The transfer function according to Eisenstein & Hu 1998.

This function computes the Eisenstein & Hu 1998 approximation to the transfer function at a scale k. The code was adapted from Matt Becker’s cosmocalc code.

This function was tested against numerical calculations based on the CAMB code (Lewis et al. 2000) and found to be accurate to 5% or better up to k of about 100 h/Mpc (see the Colossus code paper for details).

Parameters
k: array_like

The wavenumber k (in comoving h/Mpc); can be a number or a numpy array.

h: float

The Hubble constant in units of 100 km/s/Mpc.

Om0: float

\(\Omega_{\rm m}\), the matter density in units of the critical density at z = 0.

Ob0: float

\(\Omega_{\rm b}\), the baryon density in units of the critical density at z = 0.

Tcmb0: float

The temperature of the CMB at z = 0 in Kelvin.

Returns
Tk: array_like

The transfer function; has the same dimensions as k.

See also

modelEisenstein98ZeroBaryon

The zero-baryon transfer function according to Eisenstein & Hu 1998.

cosmology.power_spectrum.modelEisenstein98ZeroBaryon(k, h, Om0, Ob0, Tcmb0)

The zero-baryon transfer function according to Eisenstein & Hu 1998.

This fitting function is significantly simpler than the full modelEisenstein98() version, and still approximates numerical calculations from a Boltzmann code to better than 10%, and almost as accurate when computing the variance or correlation function (see the Colossus code paper for details).

If Ob > 0, the assumptions of zero baryons is obviously inconsistent.
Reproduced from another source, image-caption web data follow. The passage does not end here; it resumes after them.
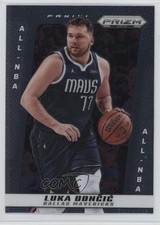 2024-25 Panini Prizm Deca All-NBA Luka Doncic #272 1js2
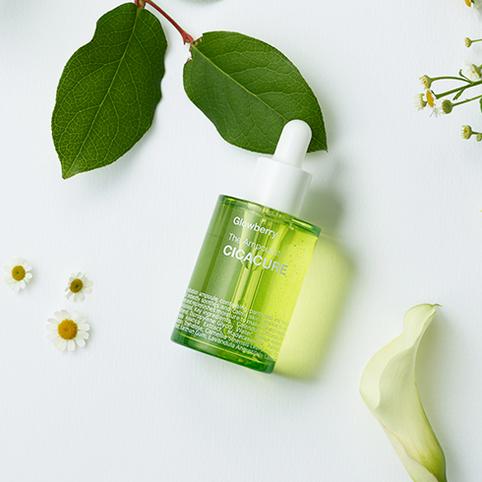 Glow Berry The Amplylist Cica Cure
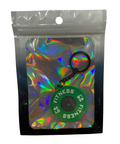 45lb Weight Plate Key Chain Accessory N/A Servings Supplement Facts - 45LB plate-inspired gym design | Svpplements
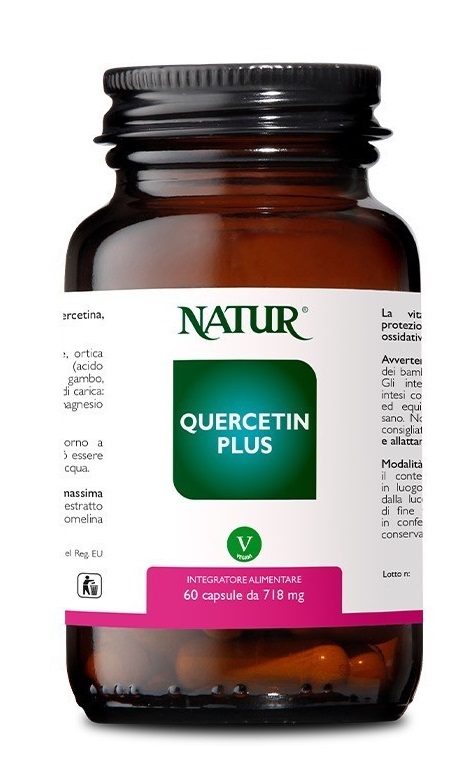 QUERCETIN PLUS 60 CAPSULE - Farmacia Rossi2 - Farmacia Rossi 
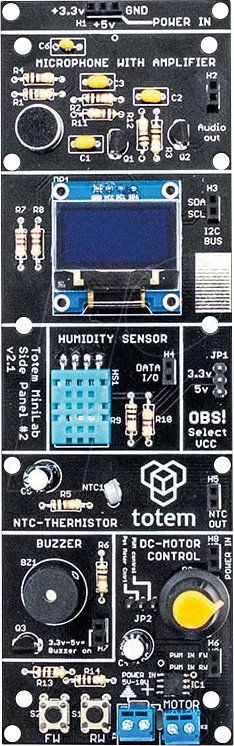 4779049340168 - TTM LAB SENSOR - Totem Lab - Sensor-Sidepanel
However, the function executes without a warning because it is most commonly intended as a simplification of the power spectrum (e.g., to avoid the BAO peaks), not as an actual model for a Universe without baryons.

Parameters
k: array_like

The wavenumber k (in comoving h/Mpc); can be a number or a numpy array.

h: float

The Hubble constant in units of 100 km/s/Mpc.

Om0: float

\(\Omega_{\rm m}\), the matter density in units of the critical density at z = 0.

Ob0: float

\(\Omega_{\rm b}\), the baryon density in units of the critical density at z = 0.

Tcmb0: float

The temperature of the CMB at z = 0 in Kelvin.

Returns
Tk: array_like

The transfer function; has the same dimensions as k.

See also

modelEisenstein98

The transfer function according to Eisenstein & Hu 1998.